Pubmed module is back

I doubt many will have noticed but I have made a few minor changes to the nodalpoint pubmed integration module. Specifically I have upgraded to the new EUtilities interfaces. There are a few new abstracts in the submission queue waiting for moderation.

The nodalpoint pubmed module enables nodalpoint users to moderate and comment on scientific abstracts retrieved from the pubmed database. At the moment the module only serves as a proof of concept , a lot of work needs to be done to make the module more user friendly.

Recently I have noticed that others have picked up on this concept. For details see Clay Shirky's weblog post about the original nature article.

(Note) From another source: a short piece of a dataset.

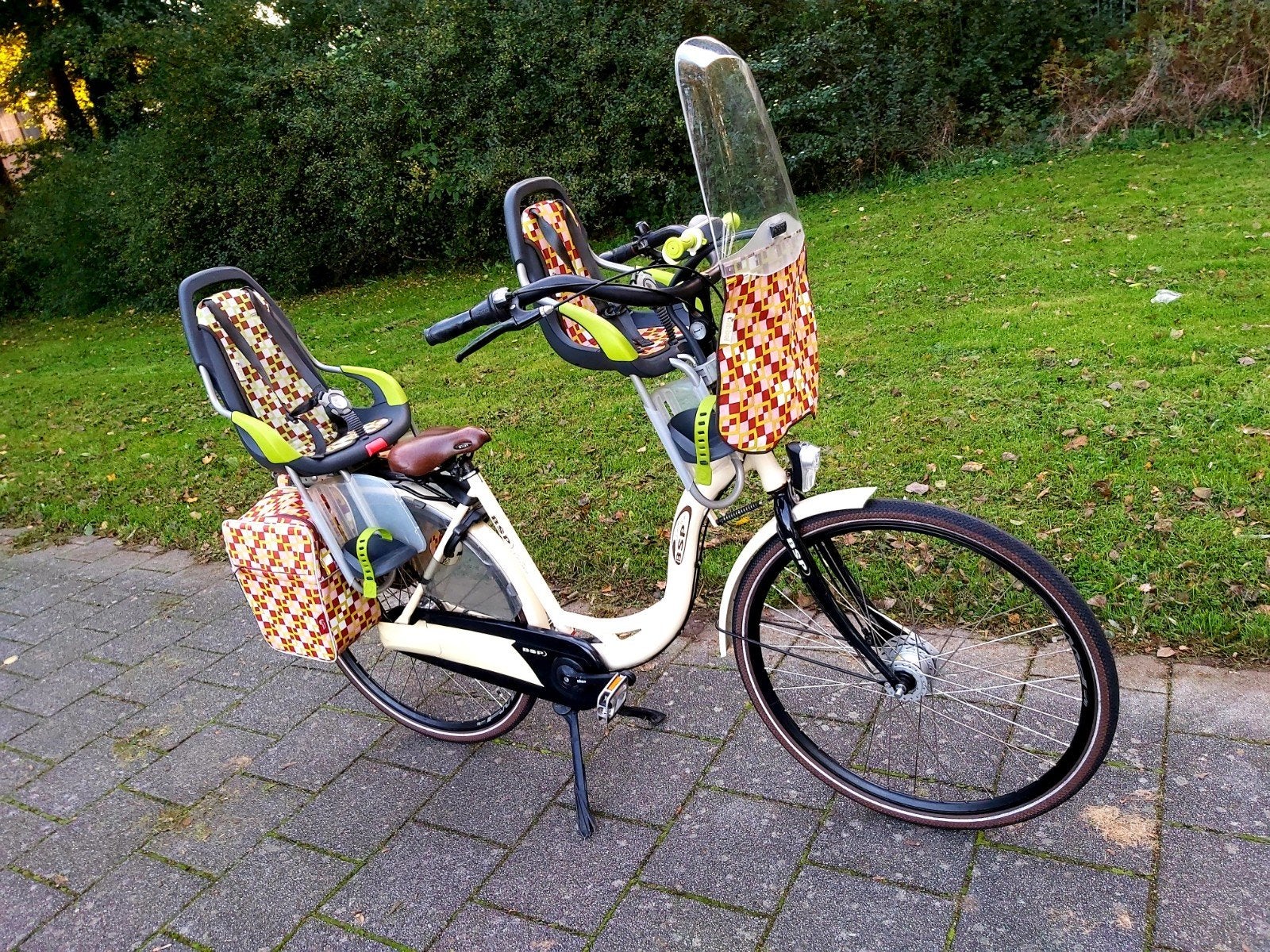 BSP moederfiets met kinderzitjes, Ophalen, 2 zitjes, 53 tot 56 cm, Zo goed als nieuw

The pubmed module still broken and needs updating to the latest Drupal. I have been quietly working on a new version in my spare time although progress has been slow due to other commitments (PhD thesis). A few details follow for anyone still reading...

So far I have completed the EUtils client but I haven't started working on the Drupal integration module. Drupal has gone through quite a few changes so I face a further learning curve.

However in the mean time I have a question: Does a list of freely available online full text journals exist ?

I am aware of pubmedcentral and various others. I need the list because I would like to limit searches to pubmed made through nodalpoint to journals that offer free online access. The reason for this is that an online community centered around the discussion of scientific literature without access to that literature is rather pointless. So far I can filter at either two stages: retrieval of the pubmed ids or the actual article summaries. Both require two different approaches.

In the first case filtering would be on the server side by using a search restricted to free full text journals. i.e. "bioinformatics AND Proc Natl Acad Sci U S A[ta]" where ta is a the field term "Journal title or abbreviation". In the second case the search would be unrestricted and filtering would be done by matching the journal title field to a list of journals. Either way I need a list of journals to filter by. I think the list will just have to be compiled as we go along...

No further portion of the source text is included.